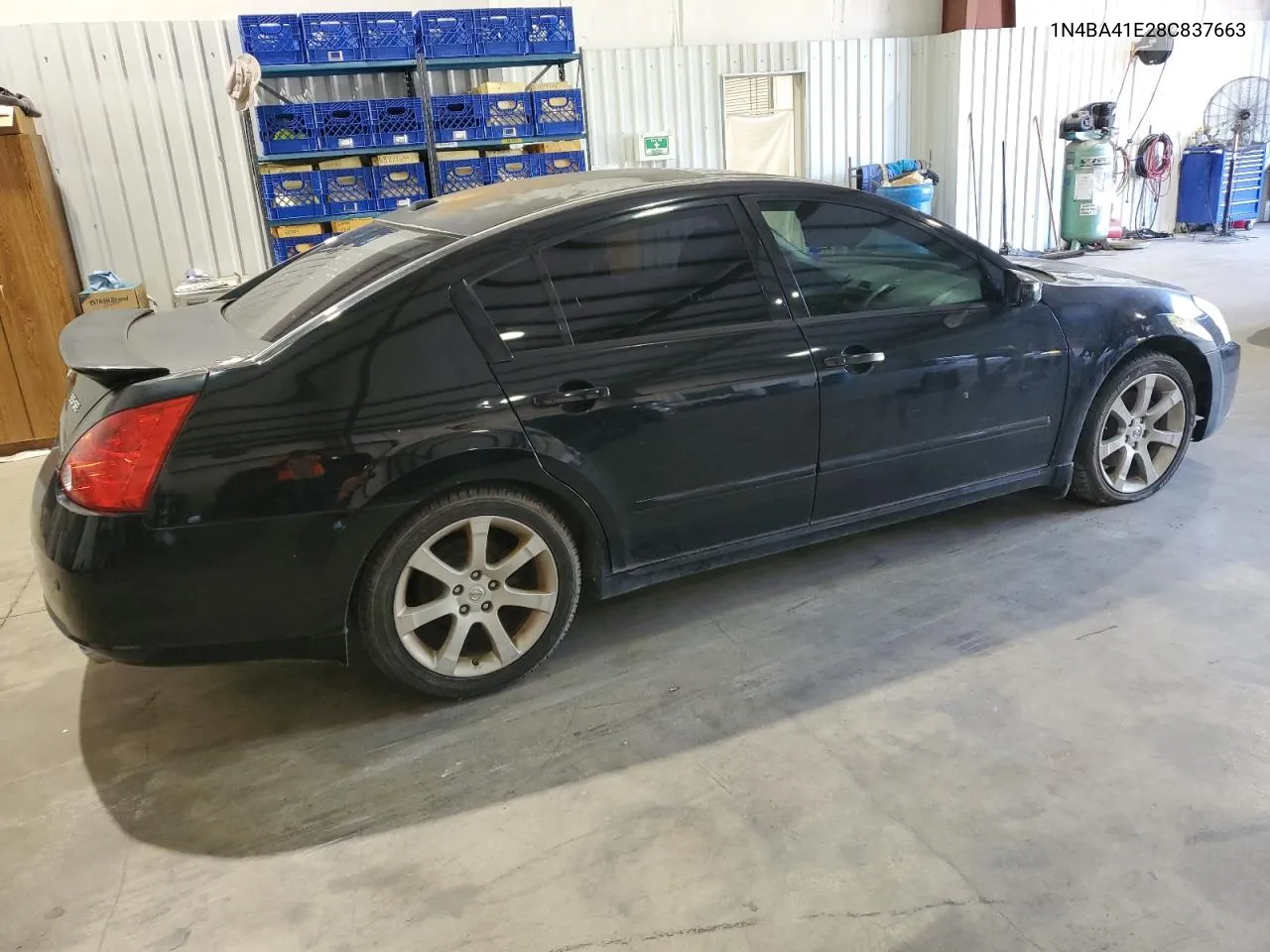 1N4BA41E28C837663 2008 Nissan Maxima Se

━━━━━━━━━━━━━━━━━━━━━━━━━━━━━━

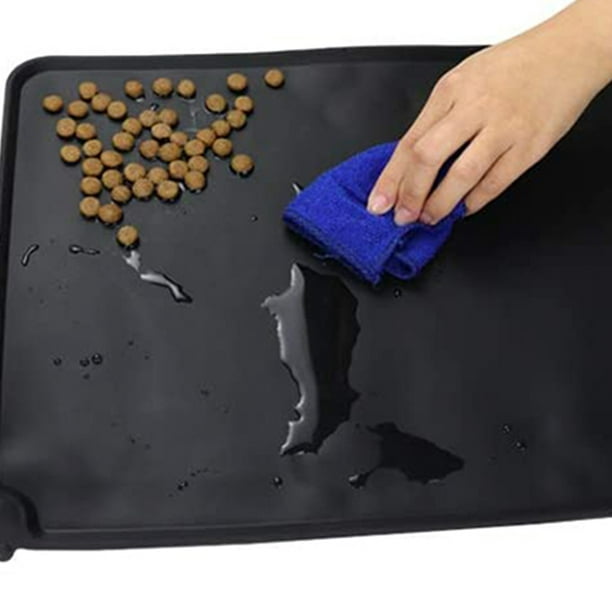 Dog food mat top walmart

━━━━━━━━━━━━━━━━━━━━━━━━━━━━━━

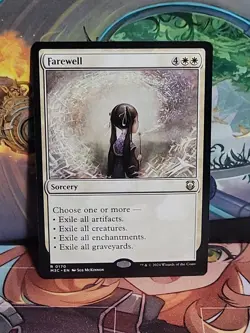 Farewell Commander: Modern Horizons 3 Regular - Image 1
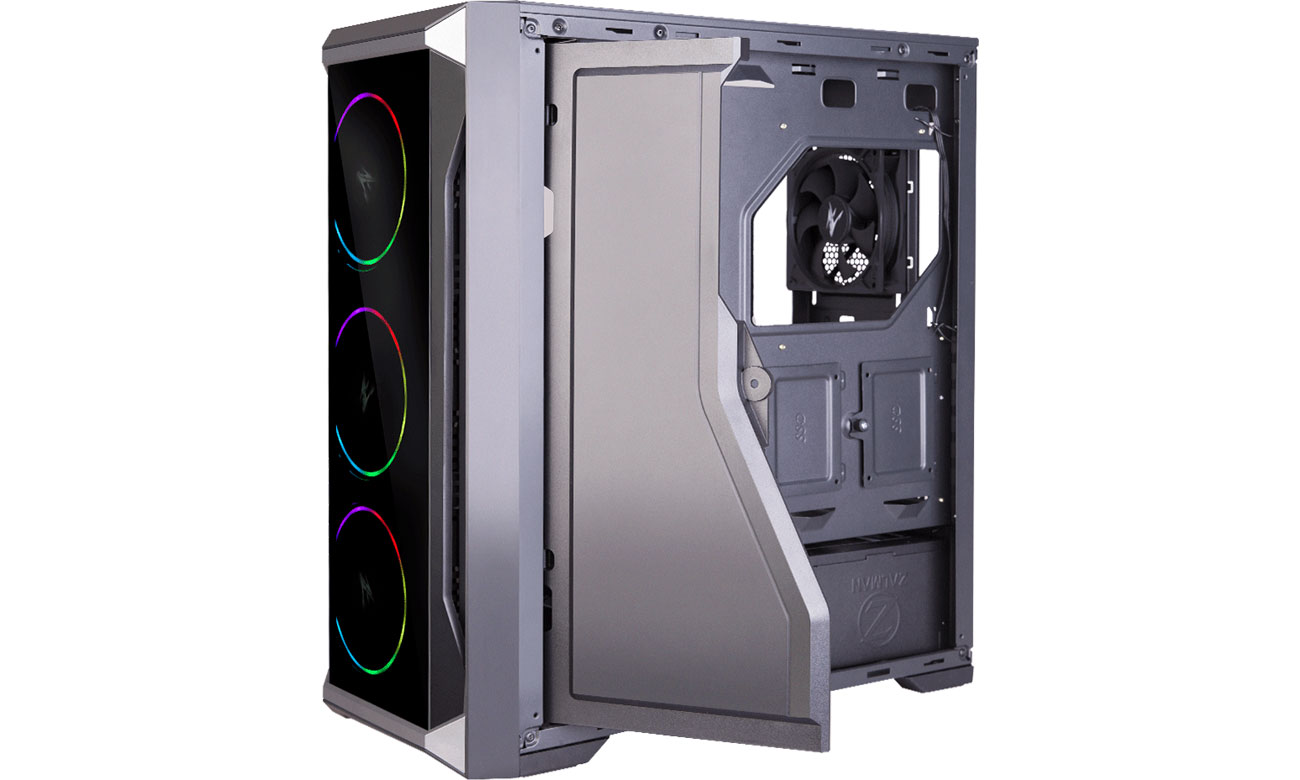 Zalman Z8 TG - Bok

━━━━━━━━━━━━━━━━━━━━━━━━━━━━━━

From the entries above, copy exactly the lines starting at the one with "Farewell Commander: Modern" and stopping at the one with "Zalman Z8 TG - Bok", keeping both ends. Drop the pictures.

Reply:
 Farewell Commander: Modern Horizons 3 Regular - Image 1
 Zalman Z8 TG - Bok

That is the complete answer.